Code for "FOCUS: Effective Embedding Initialization for Monolingual Specialization of Multilingual Models" accepted at the EMNLP 2023 main conference.
Paper on arXiv: https://arxiv.org/abs/2305.14481.
We provide the package via pip install deepfocus
.
Alternatively, you can simply copy the deepfocus
folder and drop it into your project.
The necessary dependencies are listed in requirements.txt
(pip install -r requirements.txt
).
The following example shows how to use FOCUS to specialize xlm-roberta-base
on German with a custom, language-specific tokenizer. The code is also available in focus_example.py
.
from transformers import AutoModelForMaskedLM, AutoTokenizer
from deepfocus import FOCUS
source_tokenizer = AutoTokenizer.from_pretrained("xlm-roberta-base")
source_model = AutoModelForMaskedLM.from_pretrained("xlm-roberta-base")
target_tokenizer = AutoTokenizer.from_pretrained(
"./tokenizers/de/xlmr-unigram-50k"
)
# Example for training a new tokenizer:
# target_tokenizer = source_tokenizer.train_new_from_iterator(
# load_dataset("cc100", lang="de", split="train")["text"],
# vocab_size=50_048
# )
# target_tokenizer.save_pretrained("./target_tokenizer_test")

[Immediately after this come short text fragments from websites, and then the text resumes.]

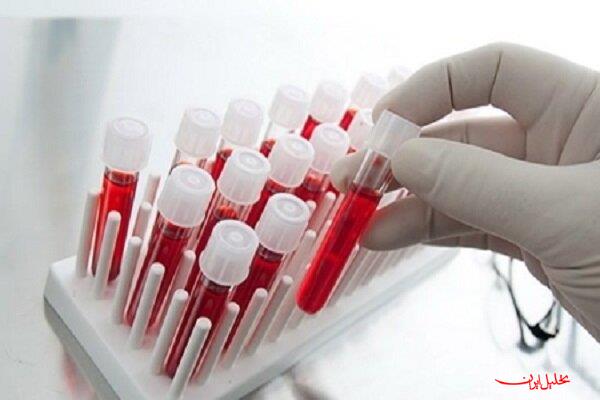  تحلیل ایران -ظرفیت ۴۵۰ هزار لیتری پالایش پلاسما با راه‌اندازی پروژه‌های جدید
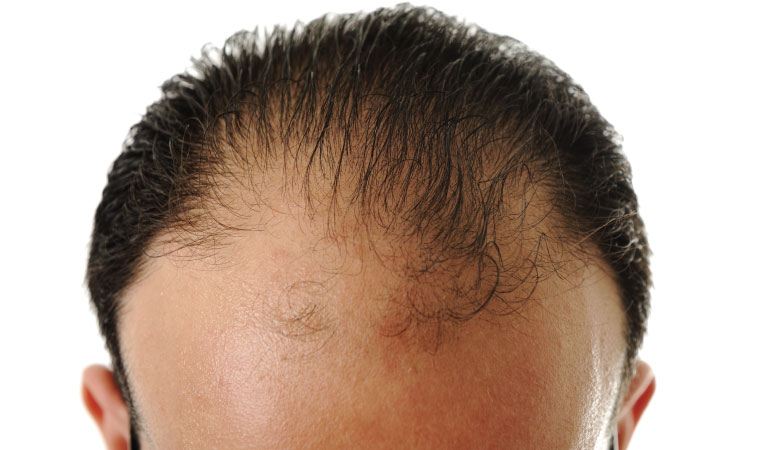 male pattern baldness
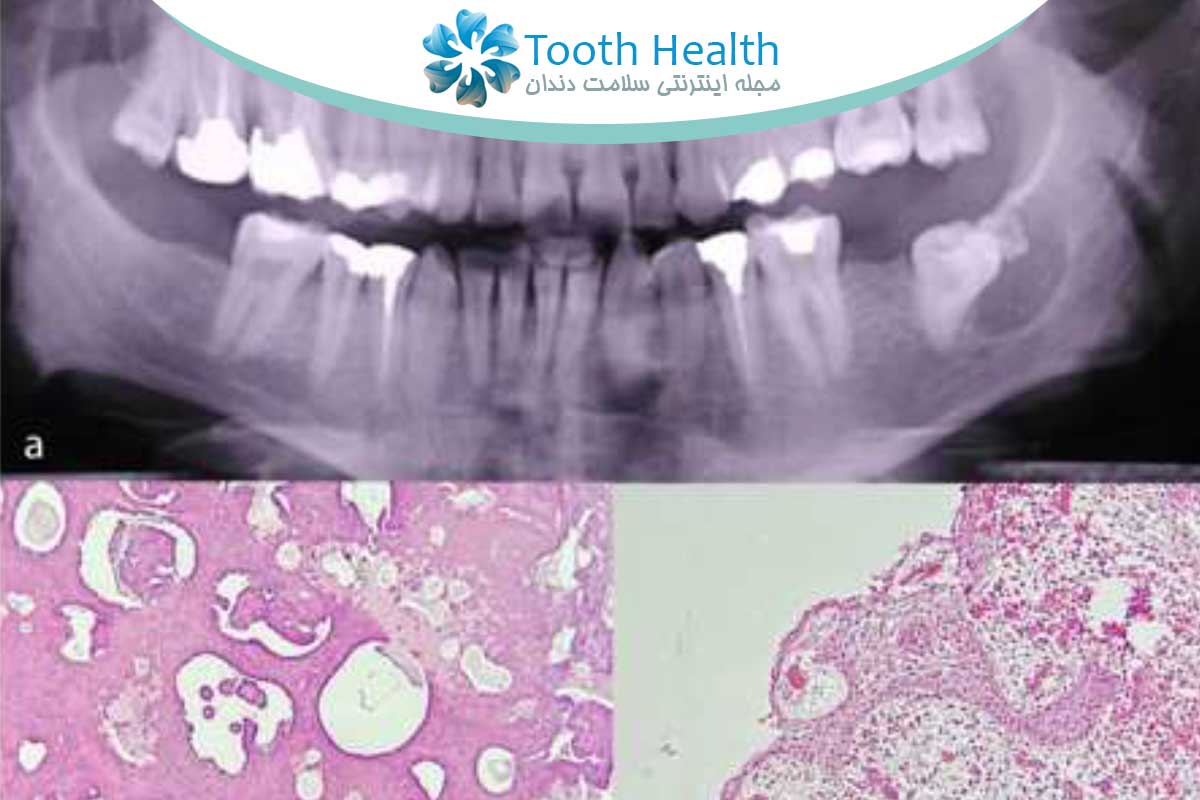 ضایعات هیبریدی ادونتوژنیک: آشنایی با یک چالش نادر در بیماری های فک و صورت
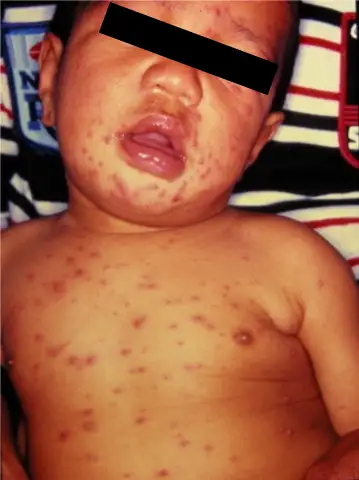 Clinical Image of child with varicella from UWorld’s Learning Platform for Nursing.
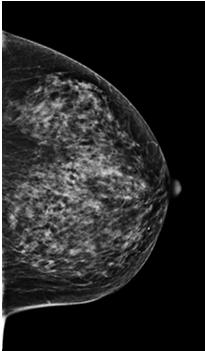 Angular Range 1mm slices: Number of slices dependent upon compressed breast thickness that are reconstructed from projection images 5cm compressed breast 50 1mm slices + 5 Always adds 5 to clear the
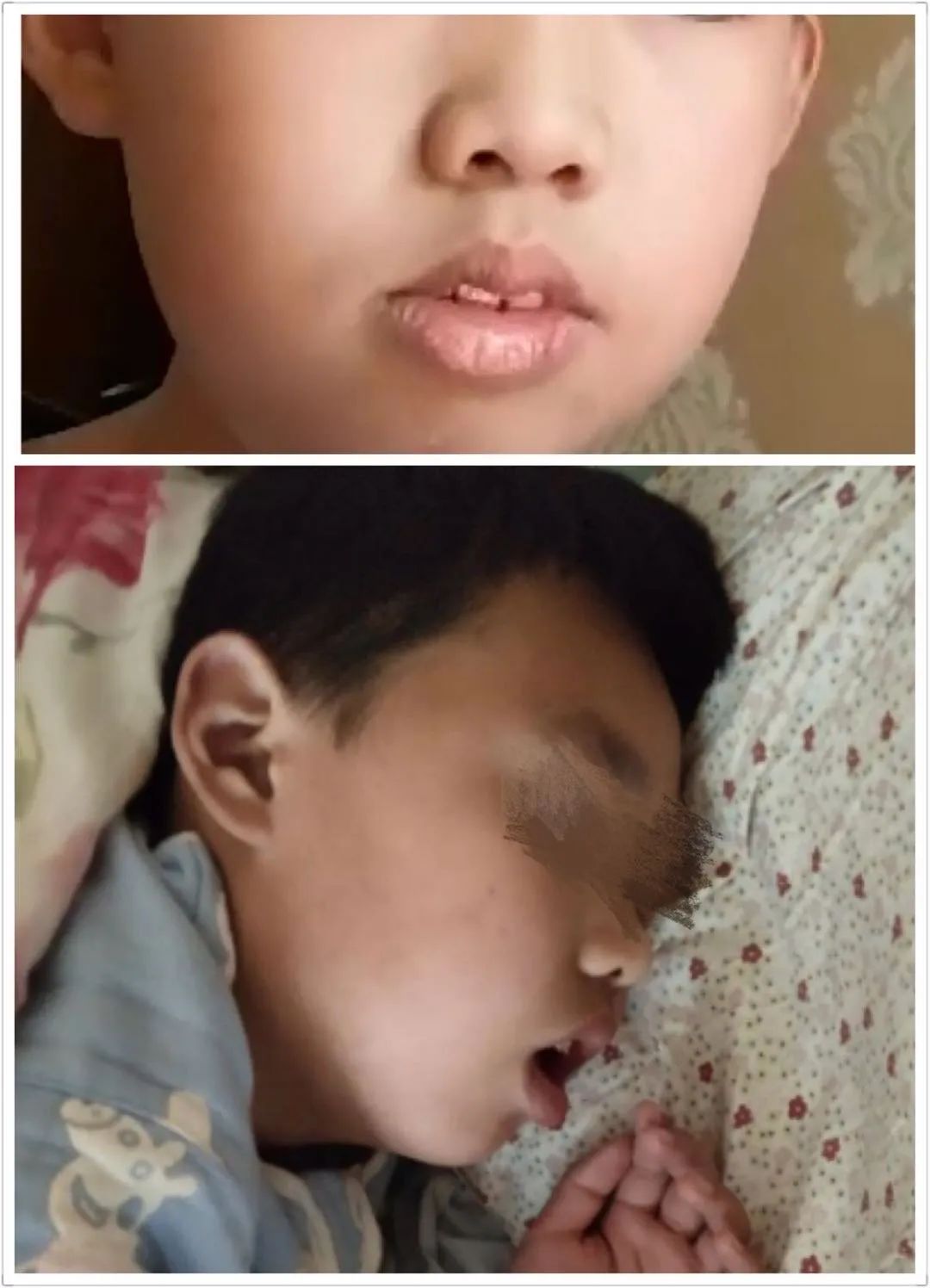 腺样体手术后为何孩子仍打呼张嘴呼吸黑眼圈严重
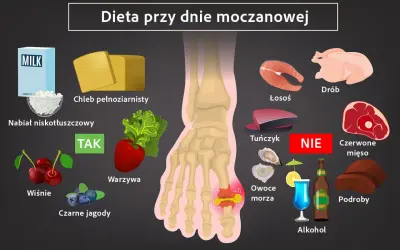 Dieta przy dnie moczanowej: nabiał, chleb, warzywa, owoce (TAK); ryby, drób, czerwone mięso, podroby, alkohol (NIE).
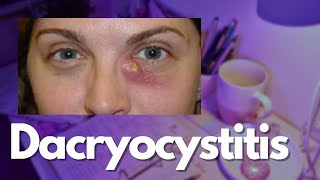 Dacryocystitis  Ophthalmology Notes [upl. by Una]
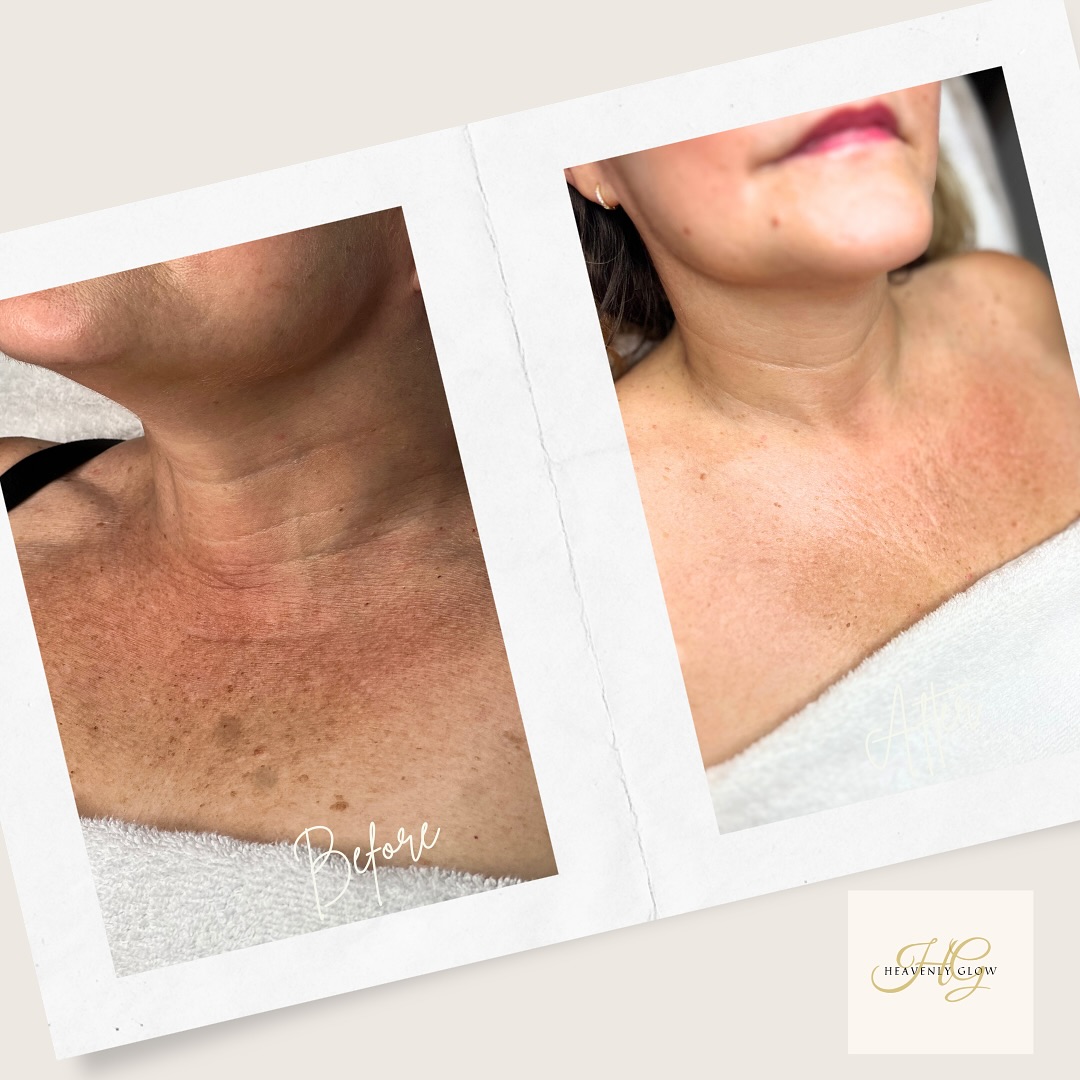 The neck along with the hands and face are the tell tale signs of ageing 🤍
This improvement was made for this beauty with 3 sessions of microneedling using a powerful mesotherapy cocktail to rejuvenate the skin 🥰
#skincare #neck #mesotherapy #rejuvenation #ageing #replenish #selfcare #beauty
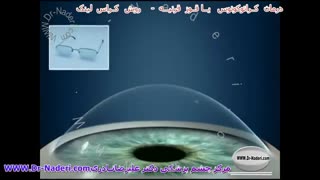 کراس لینکینگ یا CCL - مرکز چشم پزشکی دکتر علیرضا نادری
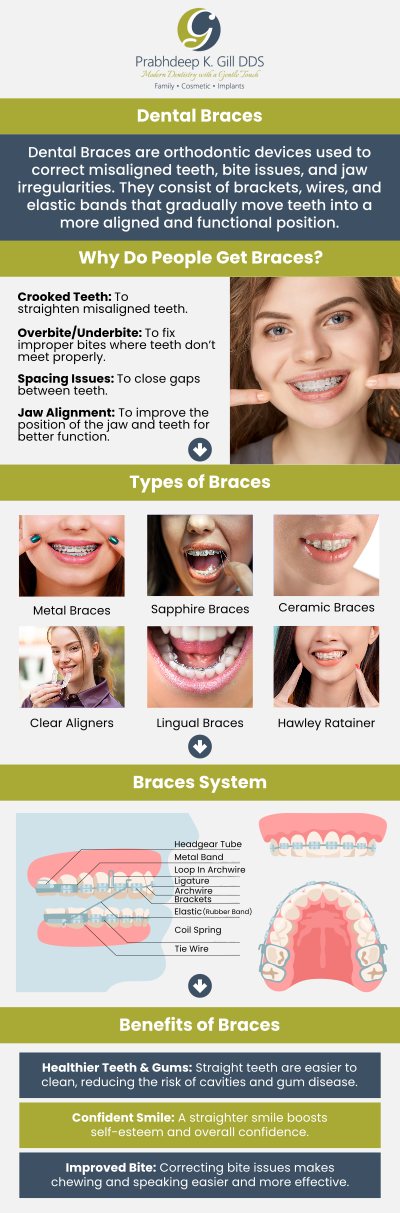 Dr. Prabhdeep K. Gill offers comprehensive braces solutions in Fresno, CA, tailored to meet the unique needs of each patient. Utilizing the latest orthodontic techniques and technologies, she ensures effective and comfortable treatment options for all ages. Whether you're seeking traditional metal braces or discreet clear aligners, Dr. Gill provides personalized care to help you achieve a confident, healthy smile. For more information, contact us or request an appointment online today! We are conveniently located at 7215 N First St Suite 107 Fresno CA 93720. Dr. Prabhdeep K. Gill offers comprehensive braces solutions in Fresno, CA, tailored to meet the unique needs of each patient. Utilizing the latest orthodontic techniques and technologies, she ensures effective and comfortable treatment options for all ages. Whether you're seeking traditional metal braces or discreet clear aligners, Dr. Gill provides personalized care to help you achieve a confident, healthy smile. For more information, contact us or request an appointment online today! We are conveniently located at 7215 N First St Suite 107 Fresno CA 93720.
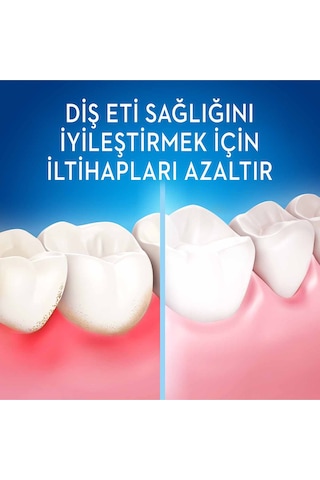 Oral-B Allrounder Black Manuel Diş Fırçası 1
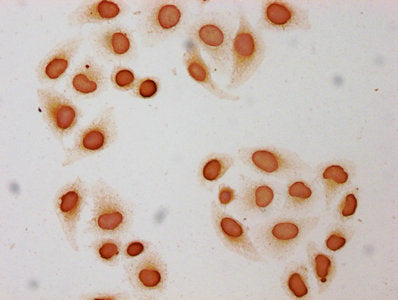 Immunocytochemistry analysis of Butyrly-HIST1H3A (K9) Antibody diluted at 1:50 and staining in Hela cells (treated with 30mM sodium butyrate for 4h) performed on a Leica BondTM system. The cells were fixed in 4% formaldehyde, permeabilized using 0.2% Triton X-100 and blocked with 10% normal goat serum 30min at RT. Then primary antibody (1% BSA) was incubated at 4°C overnight. The primary is detected by a biotinylated secondary antibody and visualized using an HRP conjugated SP system.Rabbit anti-Human HIST1H3A Polyclonal Antibody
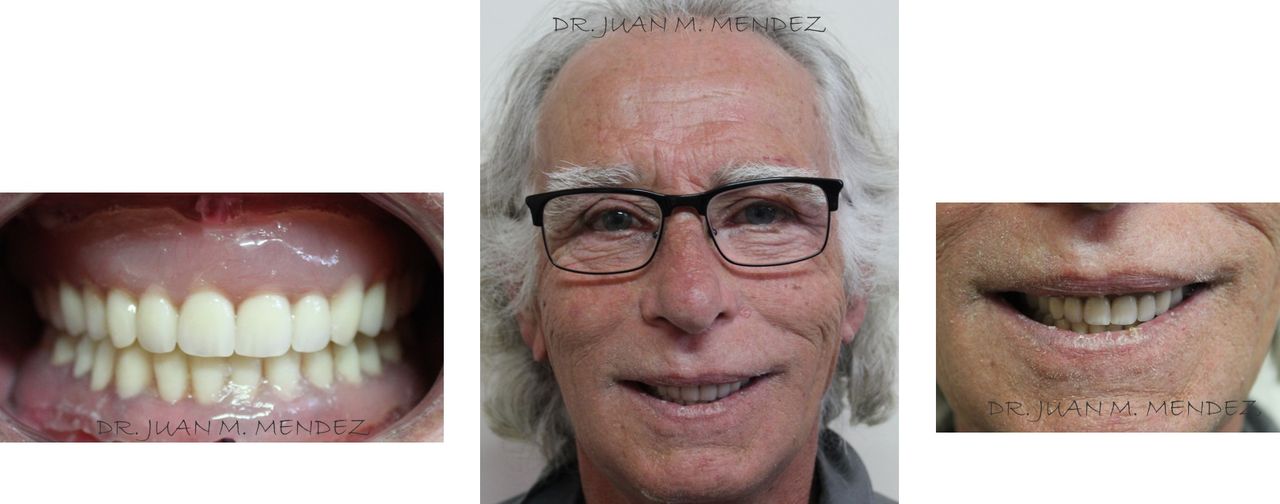 Juan Manuel Méndez Ferrusco-9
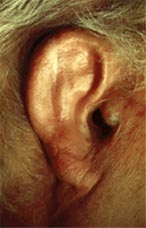 fig.6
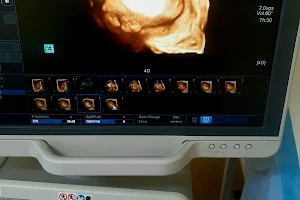 Muneni Medical Ultrasound image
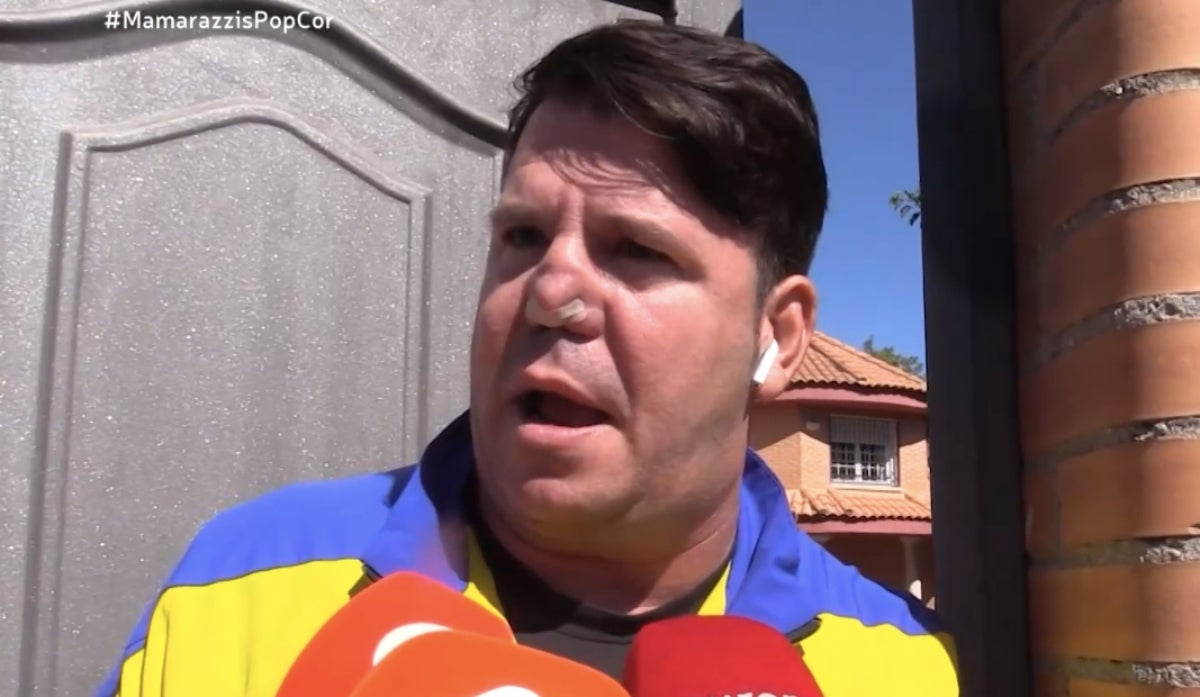 Com serà la intervenció de Lucas per arreglar-se el nas? | Europa Press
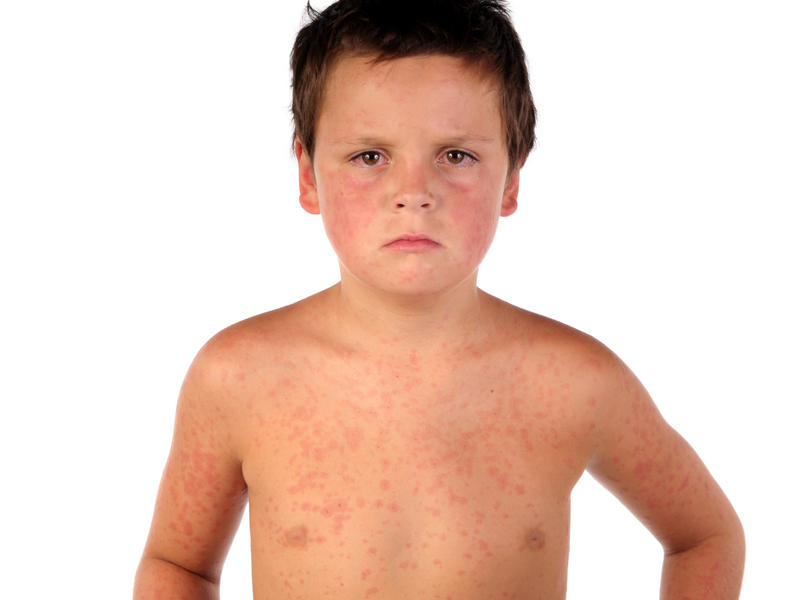 Varicella Symptoms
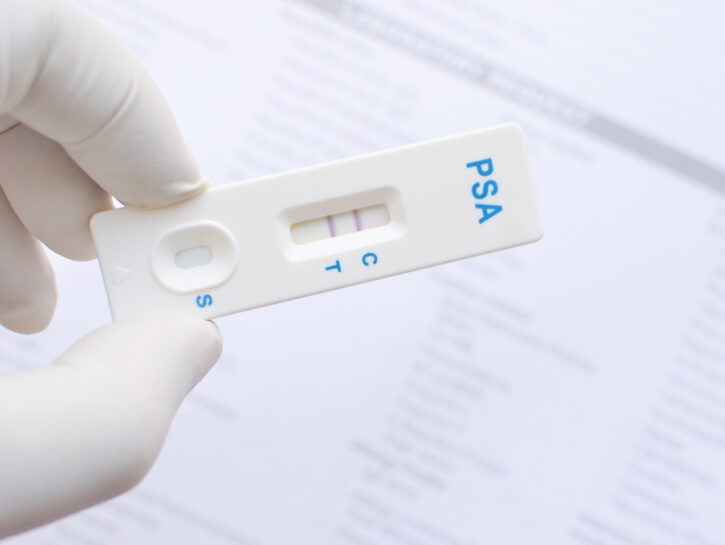 test psa per ingrossamento della prostata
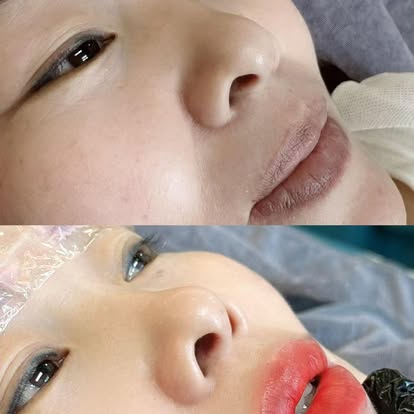 ME Beauty close-up treatment result photo from Facebook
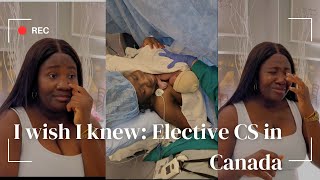 Is Canada’s caesarean section better than Nigeria’s Sharing my personal experience [upl. by Geis658]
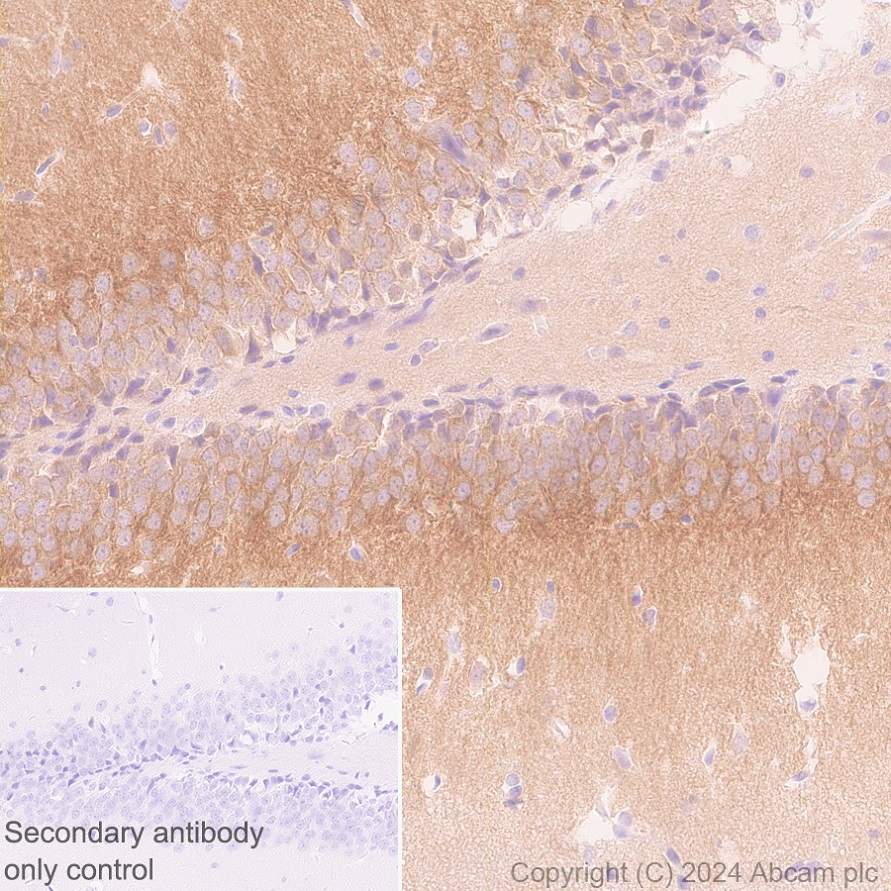 Immunohistochemistry (Formalin/PFA-fixed paraffin-embedded sections) - Anti-SAP102 antibody [EPR28704-52] - BSA and Azide free (ab316859), expandable thumbnail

target_embeddings = FOCUS(
source_embeddings=source_model.get_input_embeddings().weight,
source_tokenizer=source_tokenizer,
target_tokenizer=target_tokenizer,
target_training_data_path="/path/to/data.txt"
# fasttext_model_path="/path/to/fasttext.bin", # or directly provide path to token-level fasttext model
# In the paper, we use `target_training_data_path` but we also implement using
# WECHSEL's word-to-subword mapping if the language has pretrained fasttext word embeddings available online
# To use, supply a two-letter `language_identifier` (e.g. "de" for German) instead of `target_training_data_path` and set:
# auxiliary_embedding_mode="fasttext-wordlevel",
# language_identifier="de",
)
source_model.resize_token_embeddings(len(target_tokenizer))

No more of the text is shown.